The Tenuous Relationship between Oil Revenue and Nigeria’s Economic Growth

Abstract

This study examined the relationship between revenue generation and economic growth in Nigeria during the 45-year period, 1971 to 2015. This period heralded the sweet side of global energy crisis that precipitated the petrodollar windfall following steep rise in crude oil prices and the sour side that saw the economy shrink as a result of downward spiral of or crash in global energy prices and/or decline in oil production (slump non-oil boom). Using the ANCOVA model, the study expressed the change in growth rate of GDP as a function of various dimensions of tax, chiefly, change in period lag values of value added tax, personal income tax, company income tax, petroleum profit tax and custom and excise duties with a dummy variable that captures the contribution of oil revenue windfall. The results showed no significant difference in average changes in economic growth between the oil boom and oil slump periods.
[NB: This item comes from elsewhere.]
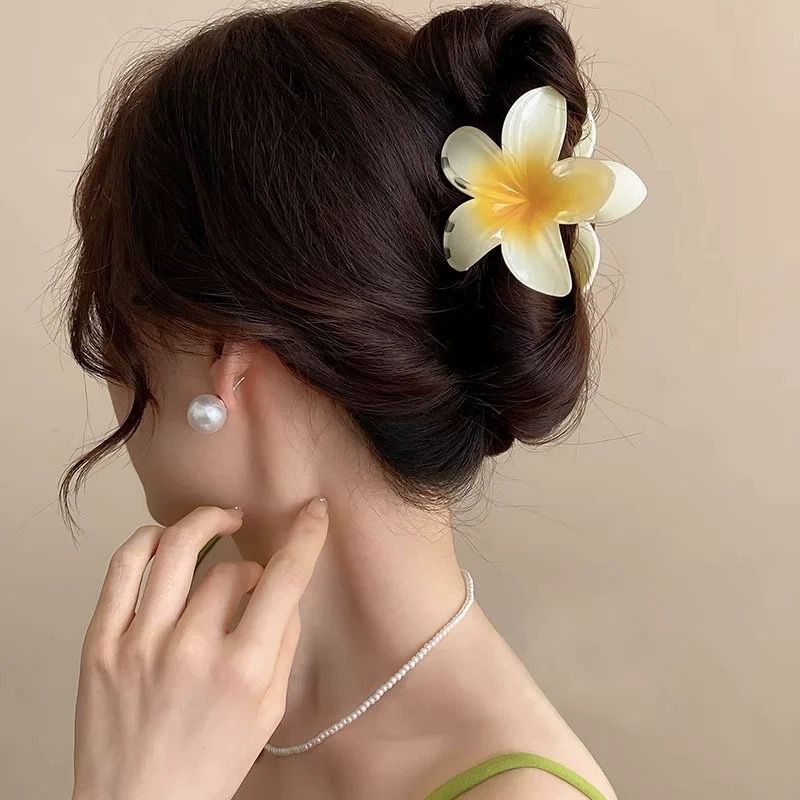 Garra Cabelo: Guia Completo e Onde Comprar | BuscaProdutos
This suggests that Nigeria’s petrodollar windfall had no significantly stimulating effect on the country’s growth and development trajectory during the 45 years. The findings of this study adumbrate the anecdotal evidence of poor resource governance architecture that has characterized not just Nigeria’s petroleum industry but also the country’s macroeconomic management. The resonance with, and the attendant lesson from, the Dutch Disease Syndrome sequel to the country’s historicity of mismanagement of resources including the petro-dollar windfalls, is the major policy implication of this study

Keywords: Dutch Disease, Nigeria, Oil Boom And Slump, Oil Revenue Windfall, Resource Course, economic growth


Article Review Status: Published

Pages: 51-76 (Download PDF)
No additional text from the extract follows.